**The task:** Word for word, restate each entry that appears below.
═════ Material to process ═════
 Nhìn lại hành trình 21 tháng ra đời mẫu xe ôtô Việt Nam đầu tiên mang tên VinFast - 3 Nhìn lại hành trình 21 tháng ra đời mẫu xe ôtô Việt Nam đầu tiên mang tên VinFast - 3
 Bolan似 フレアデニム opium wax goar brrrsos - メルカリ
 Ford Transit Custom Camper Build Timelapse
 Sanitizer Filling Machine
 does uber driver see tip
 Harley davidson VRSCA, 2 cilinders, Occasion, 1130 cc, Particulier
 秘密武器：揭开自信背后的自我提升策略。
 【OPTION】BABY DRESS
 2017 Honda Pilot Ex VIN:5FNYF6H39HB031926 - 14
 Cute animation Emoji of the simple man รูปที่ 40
═════
**Output for this exercise:**
 Nhìn lại hành trình 21 tháng ra đời mẫu xe ôtô Việt Nam đầu tiên mang tên VinFast - 3 Nhìn lại hành trình 21 tháng ra đời mẫu xe ôtô Việt Nam đầu tiên mang tên VinFast - 3
 Bolan似 フレアデニム opium wax goar brrrsos - メルカリ
 Ford Transit Custom Camper Build Timelapse
 Sanitizer Filling Machine
 does uber driver see tip
 Harley davidson VRSCA, 2 cilinders, Occasion, 1130 cc, Particulier
 秘密武器：揭开自信背后的自我提升策略。
 【OPTION】BABY DRESS
 2017 Honda Pilot Ex VIN:5FNYF6H39HB031926 - 14
 Cute animation Emoji of the simple man รูปที่ 40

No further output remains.